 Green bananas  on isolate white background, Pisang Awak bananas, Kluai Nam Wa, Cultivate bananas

--

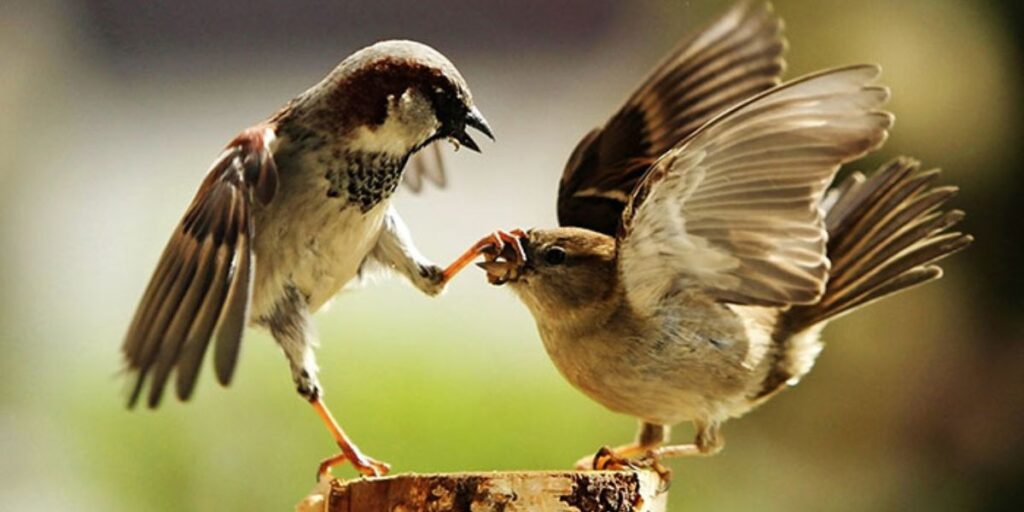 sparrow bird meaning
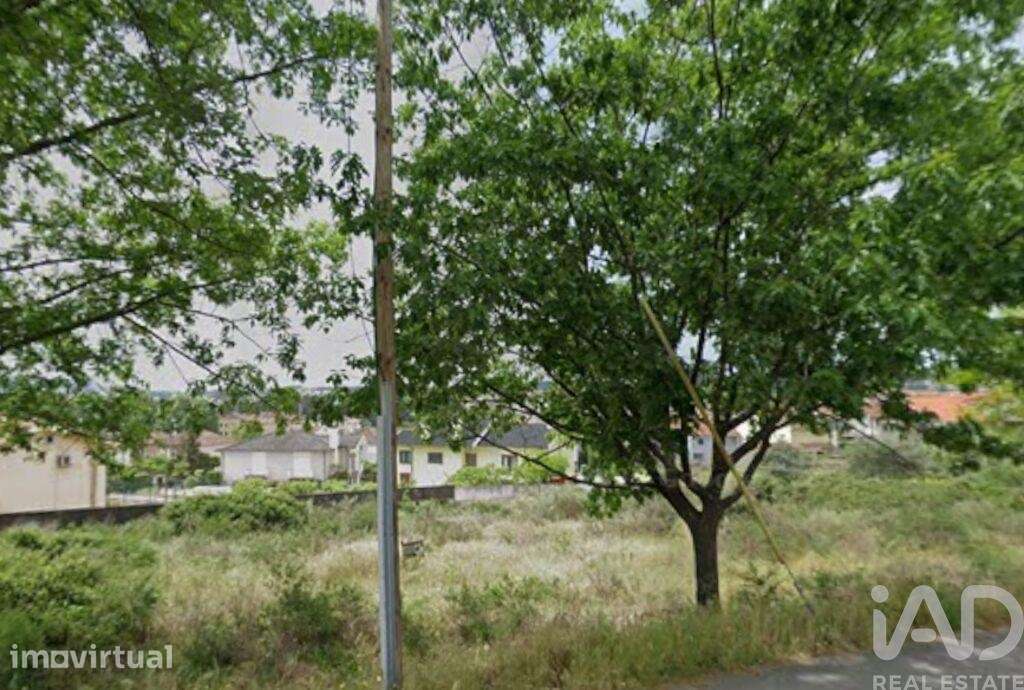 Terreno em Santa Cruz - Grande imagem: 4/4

● PROMPT: Here the job is to copy the stretch of records from the line containing "sparrow bird meaning" through the line containing "Terreno em Santa Cruz - Grande imagem: 4/4", word for word. Leave every picture out.

● EXERCISE SOLUTION:
 sparrow bird meaning
 Terreno em Santa Cruz - Grande imagem: 4/4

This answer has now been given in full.